Finance Docket No. 36514


CANADIAN NATIONAL RAILWAY COMPANY, GRAND TRUNK
CORPORATION, AND CN’S RAIL OPERATING SUBSIDIARIES
– CONTROL –
KANSAS CITY SOUTHERN, THE KANSAS CITY SOUTHERN
RAILWAY COMPANY, GATEWAY EASTERN RAILWAY COMPANY, AND
THE TEXAS MEXICAN RAILWAY COMPANY


ALLIED RAIL UNIONS’ PRELIMINARY COMMENTS

The Brotherhood of Maintenance of Way Employees Division/IBT; Brotherhood of Railroad Signalmen; International Association of Sheet Metal, Air, Rail and Transportation Workers-Mechanical Division; and National Conference of Firemen and Oilers, 32BJ/SEIU (referred to herein as the “Allied Rail Unions” or “ARU”)[1] respectfully submit these preliminary comments concerning the above-captioned potential transaction.     

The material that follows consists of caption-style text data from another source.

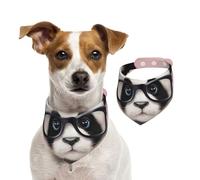 Bandana pour chien et bébé panda avec lunettes - Écharpe réglable pour animaux de compagnie - Bandana lavable double face en coton - Triangle - Écharpe pour chien et chat - Accessoires de costume pour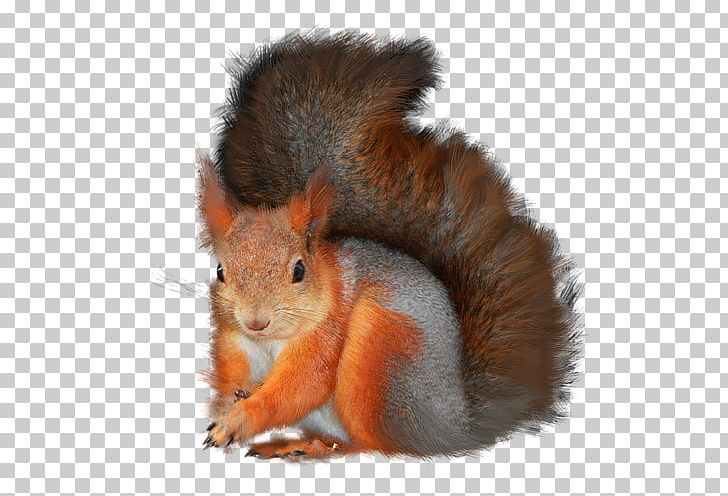 Tree Squirrels PNG, Clipart, Animal, Autumn, Desktop Wallpaper, Digital Image, Fauna Free PNG Download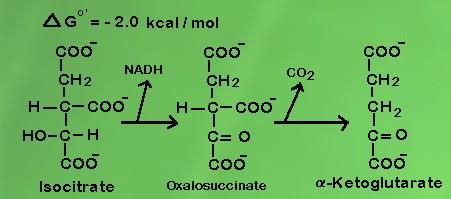 Lalu CO 2 meninggalkan oksalosuksinat yang kemudian berubah menjadi α- ketoglutarat. Reaksi ini menghasilkan NADH.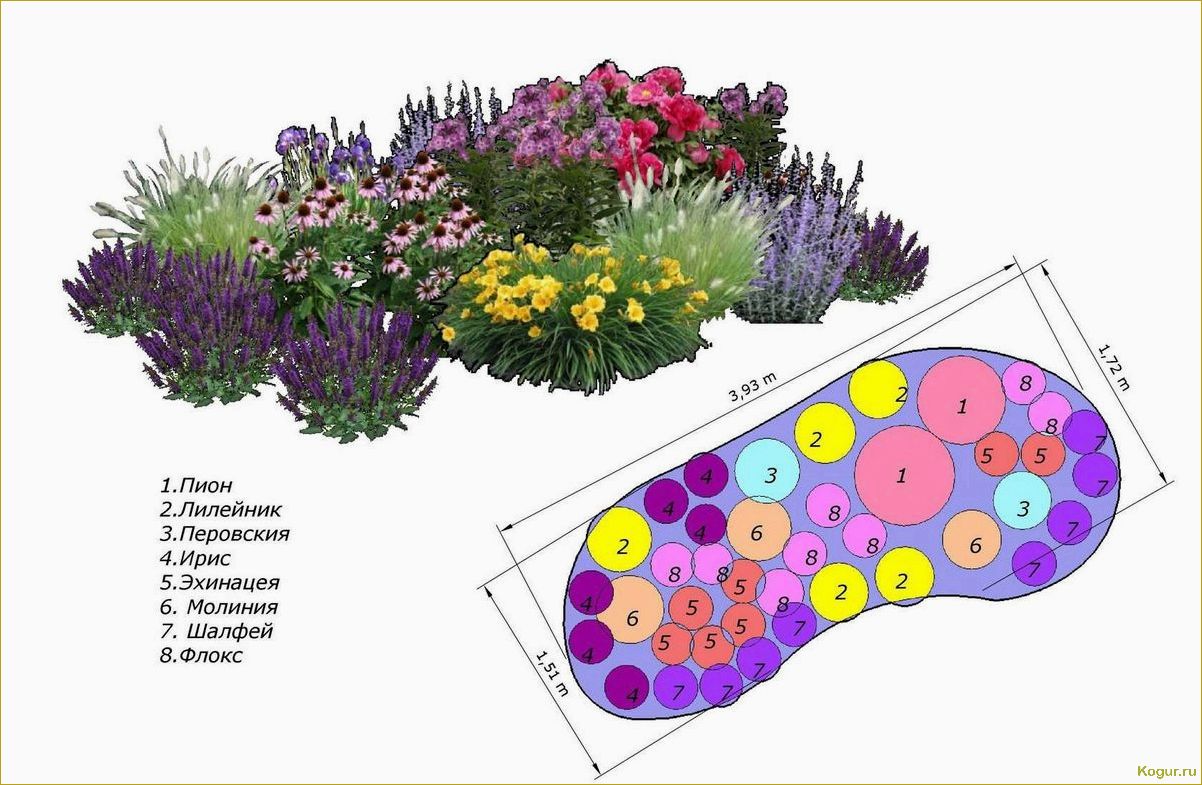 Как создать клумбу непрерывного цветения: всесезонный цветник в схемах и примерах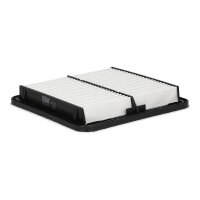 FILTRON AP 121/3 Luftfilter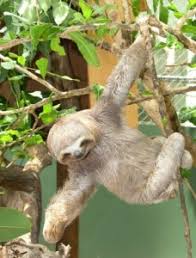 El perezoso (orden pilosa) es un mamífero arbóreo que parece muy simple, pero que reúne varias de las características más asombrosas dentro del reino animal. Oso Perezoso Wiki Mascotas Inusuales Fandom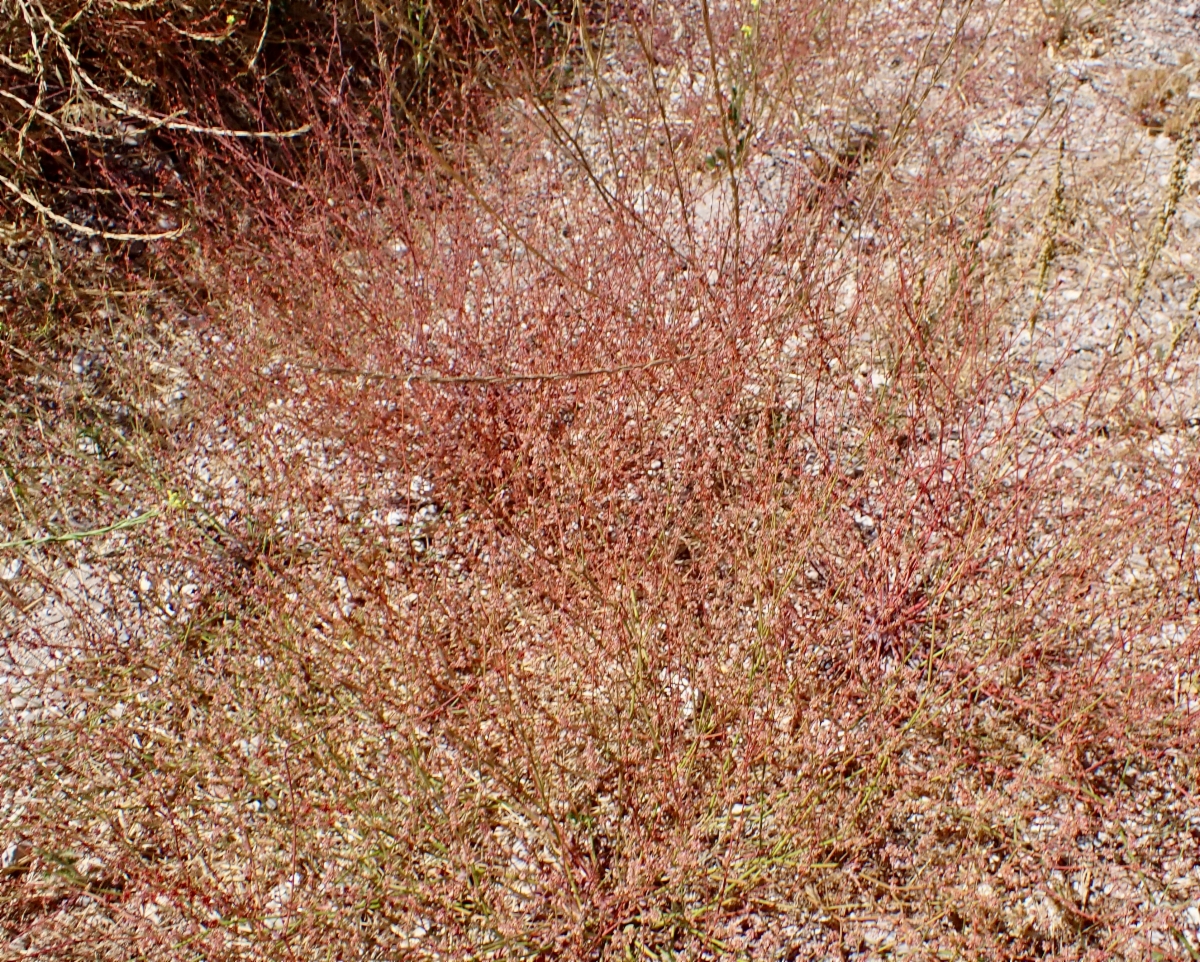 Eriogonum gracile var. gracile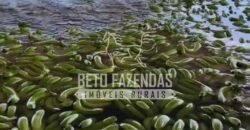 Fazenda 3.500 has à Beira do Rio São Francisco | Manga/ MG Fazenda 3.500 has à Beira do Rio São Francisco | Manga/ MG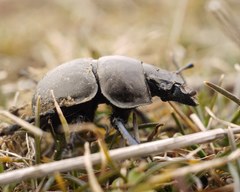 Lethrus apterus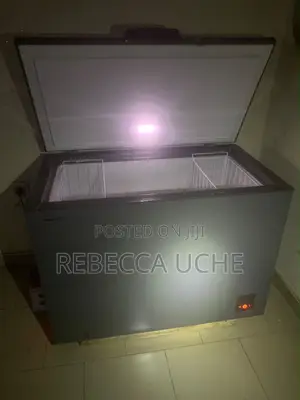 Hisense Freezer 450L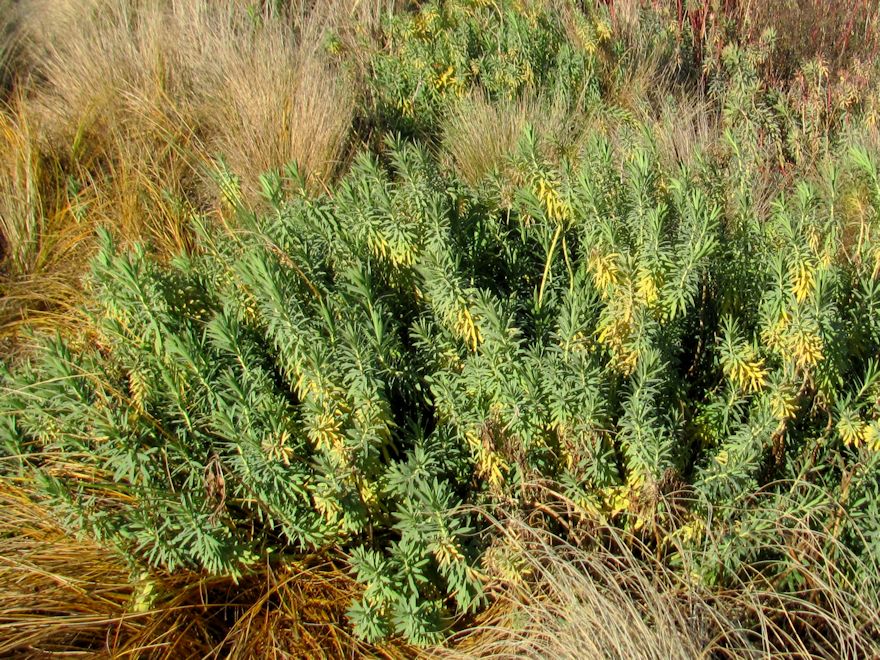 Euphorbia Glauca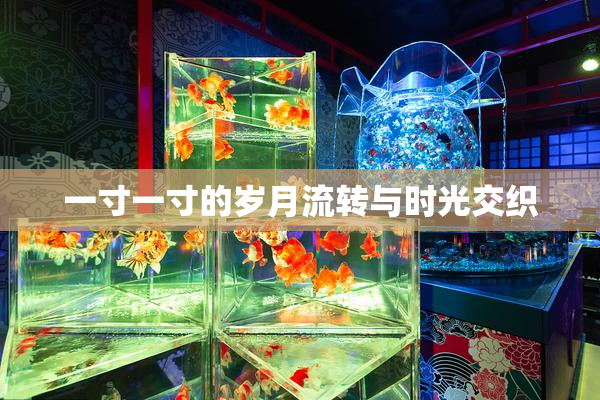 一寸一寸的岁月流转与时光交织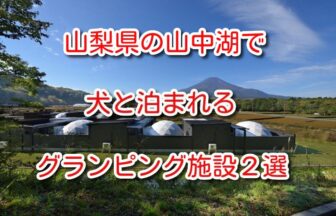 山中湖 犬と泊まれる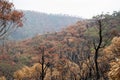 Australian bushfires: eucalyptus trees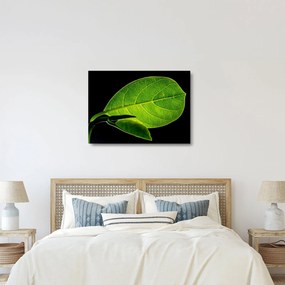 Kép - zöld levél (üvegen) (70x50 cm)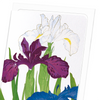 Iris (Pack of 8 cards)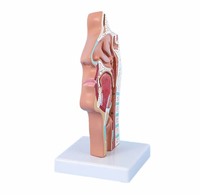 Vente chaude Science Médicale Équipement Médical Modèle D'anatomie Humaine Bouche Nez Gorge Côté Coupe Modèle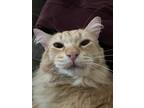 Adopt Cheeto a Orange or Red Domestic Longhair / Mixed (long coat) cat in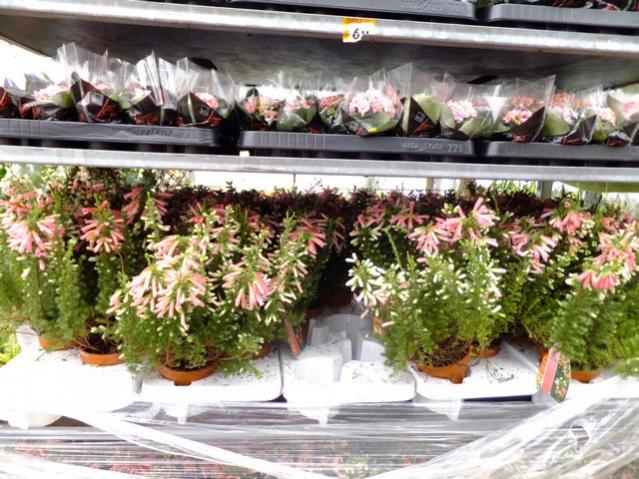 Name:  DSCF0628.jpg
Views: 488
Size:  68.8 KB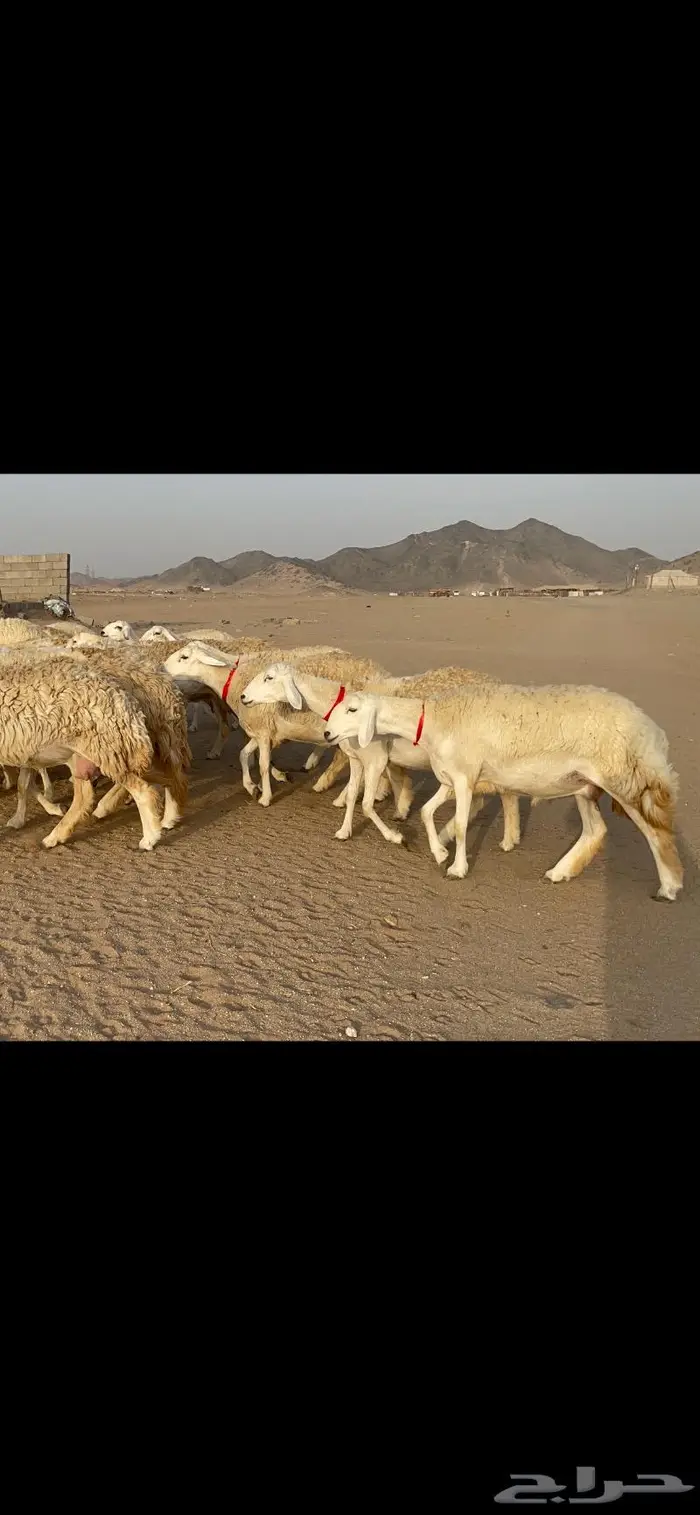 رخال حرية حرش صنف 40 تحتها 6 0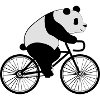 Panda Bicycle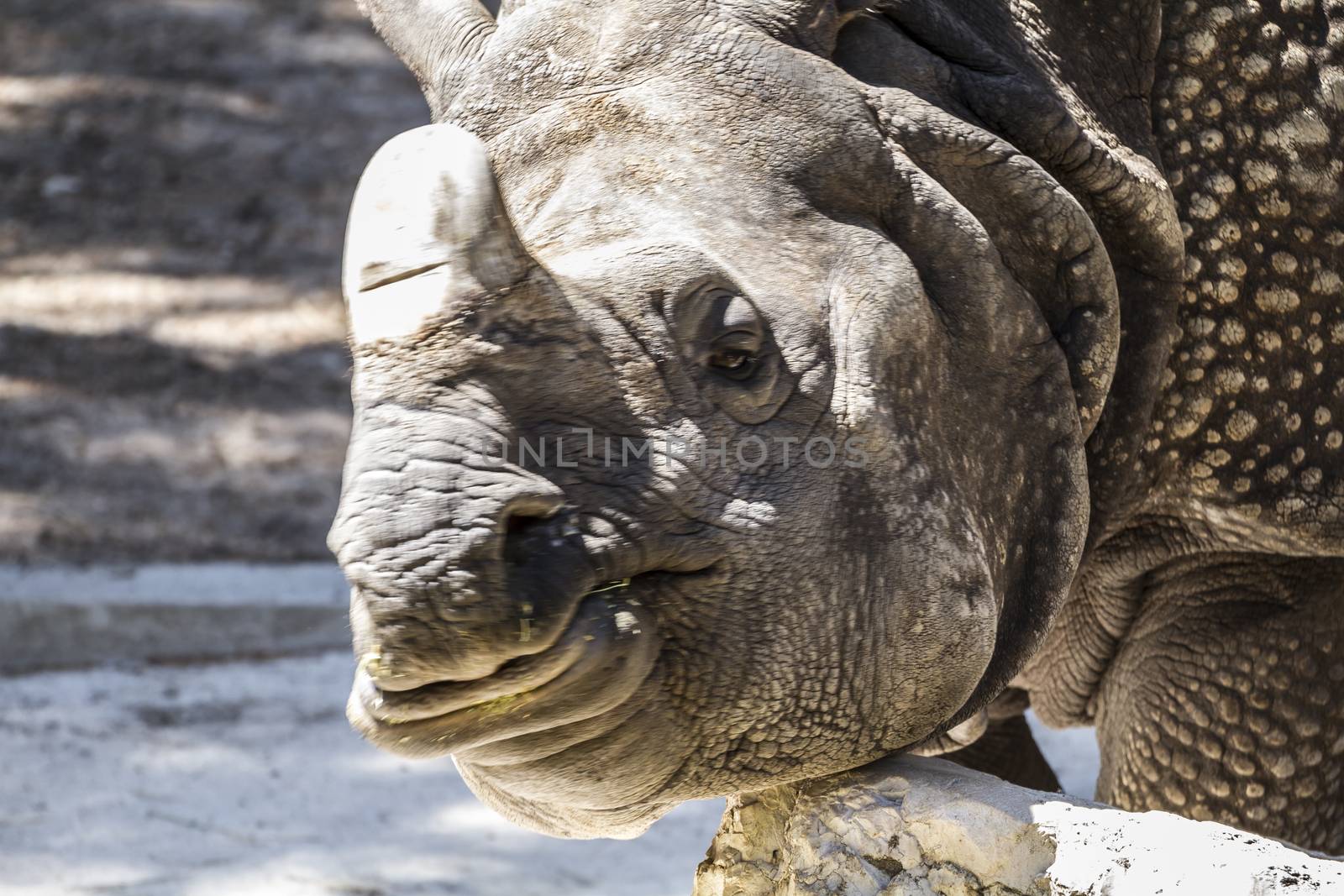 horned, danger, Indian rhino with huge horn and armor skin by FernandoCortes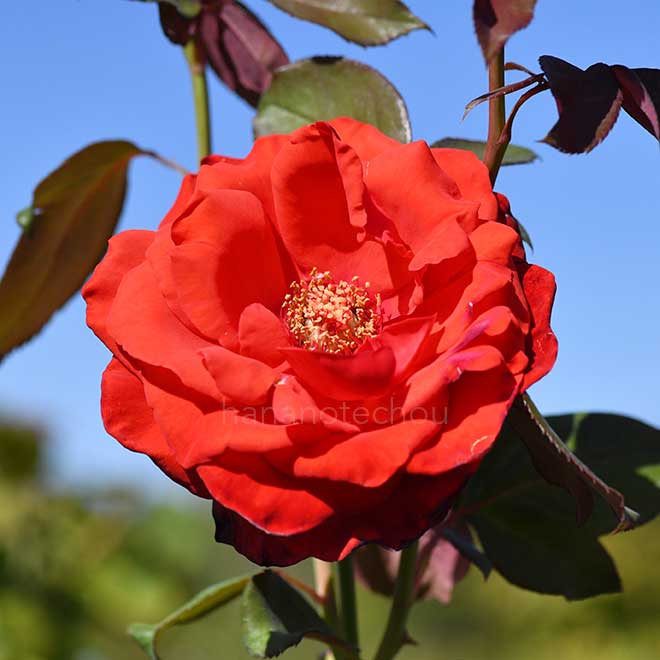 バラ 緋扇｜花の手帖の薔薇図鑑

          At this time, the ARU take no position regarding the merits of a proposed acquisition of Kansas City Southern (“KCS”). Nor do they express a preference for this proposed transaction or the competing proposed transaction in F.D. 36500. The present concern of the ARU is the non-productive, and potentially destructive, competition between Canadian National (“CN”) and Canadian Pacific (“CP”). After CP offered a premium to KCS shareholders for its proposed acquisition, CN upped the ante by 21%. Just several weeks after CP announced its proposed acquisition, CN announced that it would bid $5 billion over what CP was offering. Now CN has increased its offer by another $770million. According to the Board’s Decision No. 3 in this proceeding “CN intends to raise ‘approximately $19.3 billion of new debt’ to finance its proposed merger with KCS; CN’s original offer “represents “an implied premium of 45% when compared to KCS’ unaffected closing stock price on March 19, 2021”; and the most recent offer “represent[s] ‘an implied premium of 45% when compared to KCS’ unaffected closing stock price on March 19, 2021’”. And now there is talk of CP increasing its offer. As CN and CP compete for KCS, and offer KCS shareholders premium on top of premium, there is a very real possibility that they may negate any potential transportation benefits of a consolidation with KCS, and there is a likelihood that innocent bystanders–– employees of CP, CN and KCS, and shippers which use those carriers—will pay a price for this exercise in one-upmanship.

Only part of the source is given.